We all know that the use of social media is growing. With the evolution of technology and the Internet, more and more people have access to social media platforms as a tool for exposure, communication, distribution of information, and marketing than ever before. With the increased accessibility of social media and the volume of users generating and sharing content, comes the increase of social media advertising.
Social media advertising has become so commonplace that it may not be consciously processed when you scroll past it in a newsfeed congested with hundreds of content offerings from hundreds of sources. But you’ve definitely noticed it before. You might go onto The Iconic website and look at four pairs of boots. After leaving the site, you click onto Facebook, and see an advertisement that displays each of these four pairs of boots, as well as the number of your Facebook friends who have ‘liked’ The Iconic Facebook page. This is the result of an algorithm.

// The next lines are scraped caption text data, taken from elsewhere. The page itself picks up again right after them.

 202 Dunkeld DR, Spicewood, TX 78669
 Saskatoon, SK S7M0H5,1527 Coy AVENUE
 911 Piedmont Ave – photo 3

Sponsored content generated by algorithms is not a new phenomenon. Advertisements, to varying degrees, have been placed in users’ newsfeeds for some time now. While advertisements for whatever companies and products were once uploaded in bulk without personalisation, advertisers now have unlimited data on social media users and have developed algorithms to ensure advertising targets users that fit within a certain demographic. These algorithms can track individual users’ online behavioural patterns and show content that will be attractive to a particular user. As a result, the advertisers build brand awareness, encourage purchases, and facilitate brand loyalty.

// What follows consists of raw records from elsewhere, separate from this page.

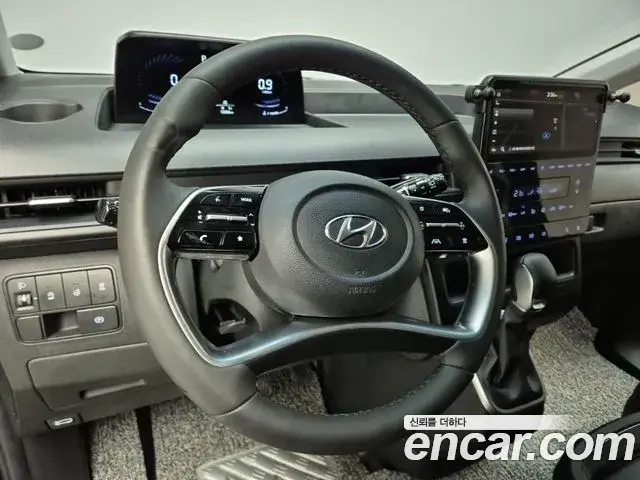 Hyundai Staria 2021 — Фото 9/19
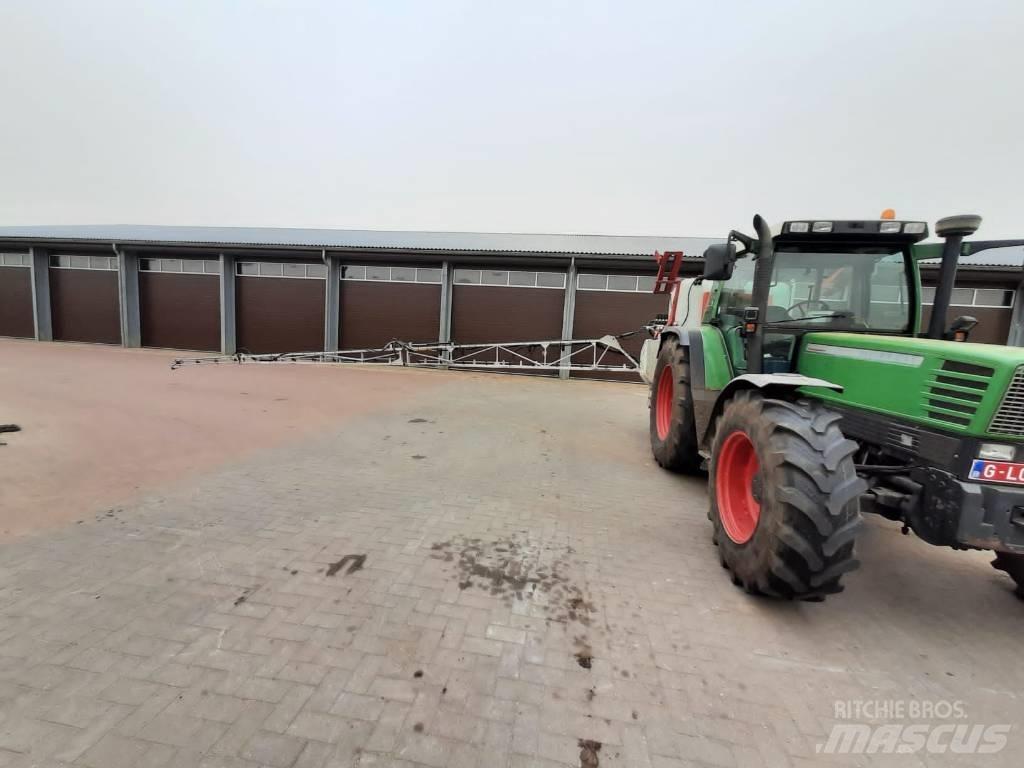 Kuhn Altis 1800L Прикачни пръскачки
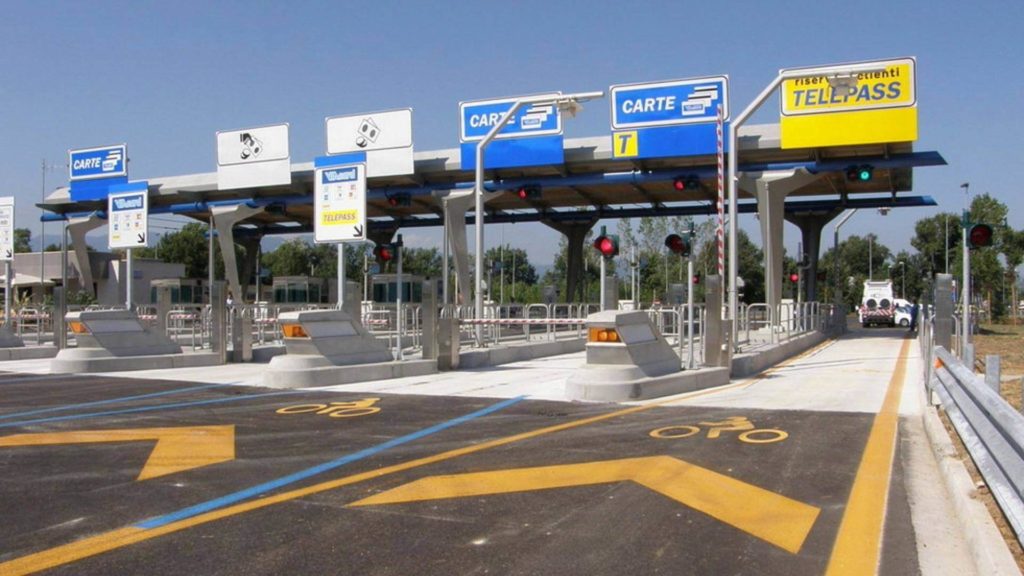 Autostrade, la trattativa segreta per un maxi-risarcimento da oltre 6 miliardi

And it’s not just Facebook. Algorithms are becoming smarter. Instagram will show you sponsored content from a brand that has paid for exposure to consumers within a specific demographic. If you’re a woman, aged 18-30, and follow a lot of beauty-related Instagrams, you’d be more likely to see an advertisement for fake tan. Algorithms have become so evolved that they can transcend social media – shopping websites such as Amazon will place items they think you’ll find attractive, based on products you’ve previously purchased.
But what exactly are social media algorithms?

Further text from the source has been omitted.